Because Australia is a geographically large country with long transport distances, fuel costs influence economic activity across many sectors.

Australia imports most of the refined fuel it consumes.

Around 80–90% of Australia’s petrol, diesel and aviation fuel is refined overseas before being shipped to Australian ports.

Much of this refining occurs in major international refining hubs such as Singapore, South Korea and Japan.

This system relies on global shipping routes and international refining capacity. While these supply chains can operate efficiently during stable periods, they are also exposed to disruption during periods of geopolitical tension, shipping interruptions or broader market volatility.

Australia once maintained a far stronger domestic refining industry.

During the latter half of the twentieth century, Australia operated eight oil refineries across the country.

Over time, economic pressures and global industry shifts led to refinery closures.

Today only two refineries remain operating.

This significant reduction in refining capacity means Australia now relies far more heavily on imported refined fuel than it did in previous decades.

Fuel reserves are used by many countries to provide a buffer during supply disruptions.

Australia currently holds approximately 30–36 days of fuel reserves.

International benchmarks commonly referenced by advanced economies are closer to 90 days of reserves.

The difference between these levels reflects a lower margin of supply protection if international shipments are delayed or disrupted.

Fuel costs affect a range of economic activities beyond household transport.

Higher fuel prices can influence:

  • freight and logistics costs
  • agricultural production and food distribution
  • construction and industrial activity
  • aviation and tourism
  • operating costs for many businesses

Because fuel is used throughout supply chains, price increases can flow through to goods and services across the broader economy.

What we are asking for

We call on the Australian Government to act immediately:

Temporarily suspend fuel excise during the current supply crisis: Australians currently pay 52.6 cents per litre in fuel excise. Temporary relief would immediately reduce cost pressures across the economy.

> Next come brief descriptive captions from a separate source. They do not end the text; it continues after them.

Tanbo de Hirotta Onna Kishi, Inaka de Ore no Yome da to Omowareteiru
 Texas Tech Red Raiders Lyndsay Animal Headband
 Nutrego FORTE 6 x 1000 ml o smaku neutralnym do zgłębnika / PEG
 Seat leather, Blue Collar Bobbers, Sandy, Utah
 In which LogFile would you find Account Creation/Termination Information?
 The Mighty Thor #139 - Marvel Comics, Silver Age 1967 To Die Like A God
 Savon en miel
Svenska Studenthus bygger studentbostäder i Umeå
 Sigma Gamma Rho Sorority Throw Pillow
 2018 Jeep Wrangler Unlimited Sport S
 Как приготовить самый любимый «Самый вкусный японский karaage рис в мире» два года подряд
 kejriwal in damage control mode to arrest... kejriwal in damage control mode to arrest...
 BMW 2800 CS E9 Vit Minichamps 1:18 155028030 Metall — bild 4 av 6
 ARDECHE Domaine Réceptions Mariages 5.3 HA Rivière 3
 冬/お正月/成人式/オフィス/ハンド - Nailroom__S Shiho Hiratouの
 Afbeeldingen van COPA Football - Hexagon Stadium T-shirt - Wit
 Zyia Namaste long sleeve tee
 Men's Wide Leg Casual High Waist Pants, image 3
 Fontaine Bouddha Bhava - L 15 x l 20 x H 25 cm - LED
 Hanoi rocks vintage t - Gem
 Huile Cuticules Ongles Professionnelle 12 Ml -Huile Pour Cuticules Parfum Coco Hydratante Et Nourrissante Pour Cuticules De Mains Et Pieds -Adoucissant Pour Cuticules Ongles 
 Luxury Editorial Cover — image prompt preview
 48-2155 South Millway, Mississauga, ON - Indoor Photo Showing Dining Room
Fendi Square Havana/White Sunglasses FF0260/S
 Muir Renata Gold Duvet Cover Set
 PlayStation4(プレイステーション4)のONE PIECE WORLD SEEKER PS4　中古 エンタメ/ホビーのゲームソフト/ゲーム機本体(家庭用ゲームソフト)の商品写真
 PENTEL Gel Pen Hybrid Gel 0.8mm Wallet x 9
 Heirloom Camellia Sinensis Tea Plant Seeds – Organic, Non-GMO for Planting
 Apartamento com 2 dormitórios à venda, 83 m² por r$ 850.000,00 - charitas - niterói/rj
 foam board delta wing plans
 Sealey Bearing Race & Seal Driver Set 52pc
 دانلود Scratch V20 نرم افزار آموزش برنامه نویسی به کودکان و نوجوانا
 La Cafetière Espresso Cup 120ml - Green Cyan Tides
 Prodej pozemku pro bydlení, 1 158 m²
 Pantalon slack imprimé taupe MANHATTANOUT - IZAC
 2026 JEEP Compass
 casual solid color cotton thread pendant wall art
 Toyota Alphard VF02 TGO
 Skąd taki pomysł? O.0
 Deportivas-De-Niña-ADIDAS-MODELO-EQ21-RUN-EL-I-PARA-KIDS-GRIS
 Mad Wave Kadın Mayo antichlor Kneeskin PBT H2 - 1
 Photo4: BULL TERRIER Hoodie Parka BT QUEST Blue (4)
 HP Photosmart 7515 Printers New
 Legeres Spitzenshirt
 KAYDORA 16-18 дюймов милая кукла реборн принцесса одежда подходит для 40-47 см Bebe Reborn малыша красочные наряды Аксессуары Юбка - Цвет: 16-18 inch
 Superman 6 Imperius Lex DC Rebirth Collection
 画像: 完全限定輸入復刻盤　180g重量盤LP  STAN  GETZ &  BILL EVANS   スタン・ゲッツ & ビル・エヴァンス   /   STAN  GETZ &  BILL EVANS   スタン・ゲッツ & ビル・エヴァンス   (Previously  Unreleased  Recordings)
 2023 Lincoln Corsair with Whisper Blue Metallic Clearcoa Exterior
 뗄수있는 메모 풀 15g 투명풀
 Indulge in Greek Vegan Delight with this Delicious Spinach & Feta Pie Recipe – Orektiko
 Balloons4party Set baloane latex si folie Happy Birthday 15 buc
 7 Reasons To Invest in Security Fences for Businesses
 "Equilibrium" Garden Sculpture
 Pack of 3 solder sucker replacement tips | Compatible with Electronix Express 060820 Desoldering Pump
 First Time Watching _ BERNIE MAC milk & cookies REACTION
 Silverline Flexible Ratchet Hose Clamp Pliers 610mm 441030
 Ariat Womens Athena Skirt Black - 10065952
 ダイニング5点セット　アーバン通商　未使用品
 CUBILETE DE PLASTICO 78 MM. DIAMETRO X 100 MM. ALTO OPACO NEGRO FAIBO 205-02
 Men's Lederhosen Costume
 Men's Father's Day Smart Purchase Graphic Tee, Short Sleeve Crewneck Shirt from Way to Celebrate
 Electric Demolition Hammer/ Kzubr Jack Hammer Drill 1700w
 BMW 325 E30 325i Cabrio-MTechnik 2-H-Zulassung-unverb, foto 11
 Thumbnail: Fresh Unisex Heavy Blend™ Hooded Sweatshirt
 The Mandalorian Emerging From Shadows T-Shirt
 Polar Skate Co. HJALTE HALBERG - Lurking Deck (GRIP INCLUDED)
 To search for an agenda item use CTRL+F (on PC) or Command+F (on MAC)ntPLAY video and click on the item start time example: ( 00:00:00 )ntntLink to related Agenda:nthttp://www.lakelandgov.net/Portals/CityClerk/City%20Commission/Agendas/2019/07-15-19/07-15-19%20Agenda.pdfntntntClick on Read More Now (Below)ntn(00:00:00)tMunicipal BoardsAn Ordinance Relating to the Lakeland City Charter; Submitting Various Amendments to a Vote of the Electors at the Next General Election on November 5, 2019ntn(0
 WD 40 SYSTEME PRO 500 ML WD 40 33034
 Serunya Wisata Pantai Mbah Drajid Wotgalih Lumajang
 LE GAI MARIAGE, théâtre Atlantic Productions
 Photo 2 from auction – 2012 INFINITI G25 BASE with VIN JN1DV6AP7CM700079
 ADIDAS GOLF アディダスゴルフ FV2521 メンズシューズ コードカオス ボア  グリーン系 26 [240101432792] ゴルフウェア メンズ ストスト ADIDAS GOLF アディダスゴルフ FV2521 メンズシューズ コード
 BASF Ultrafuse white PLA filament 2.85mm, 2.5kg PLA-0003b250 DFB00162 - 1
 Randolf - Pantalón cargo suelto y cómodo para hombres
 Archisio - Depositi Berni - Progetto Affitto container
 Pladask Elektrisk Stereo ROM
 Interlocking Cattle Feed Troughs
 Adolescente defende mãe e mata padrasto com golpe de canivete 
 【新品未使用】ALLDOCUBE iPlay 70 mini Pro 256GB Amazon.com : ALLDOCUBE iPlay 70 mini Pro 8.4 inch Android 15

Suspend GST on fuel during the crisis: GST is applied after excise, meaning Australians pay tax on tax, during periods of supply shock, this additional burden should be removed.

Prioritise domestic fuel supply: Australia must ensure locally refined fuel serves domestic demand before export during supply instability.

Rebuild sovereign refining capacity: Australia once operated eight refineries. Today only two remain. A clear long-term plan is needed to restore and modernise domestic refining capability.


Establish domestic contingency fuel capability: Australia should rapidly develop locally derived fuel options to ensure supply resilience during global disruptions.


We are urging The Albanese Government to exercise fiscal responsibility.

If government revenue is reduced, government spending must be reduced accordingly.

Anything less simply shifts the cost onto future Australians through debt or higher taxation.

The Right to Connect: A People’s Appeal

Demand Representation. Hold Our Leaders Accountable. Your Voice is Crucial.

To the Honourable Anthony Albanese,

Australians are facing rising fuel costs while our nation’s fuel security has been steadily eroded. Over recent decades, we have moved from being a country with a strong domestic refining industry to one dangerously dependent on imported refined fuel.

Where eight refineries once operated across the country, only two remain. The result is a system increasingly exposed to global disruptions, geopolitical instability, and supply shocks beyond Australia’s control.

At the same time, Australian motorists, farmers, small businesses, and transport operators are paying some of the highest fuel costs in years while significant taxes remain embedded in the price of every litre.

Fuel is not a discretionary expense.

It underpins nearly every part of Australian life: farming during critical cropping seasons, transport of goods, aviation, tourism, emergency services, and the everyday cost of living.

When fuel prices rise, the impact is immediate and widespread — affecting food prices, freight, energy costs, and essential services.

Australia now imports around 90% of its refined fuel and holds only 30–36 days of reserves, well below the 90-day international benchmark.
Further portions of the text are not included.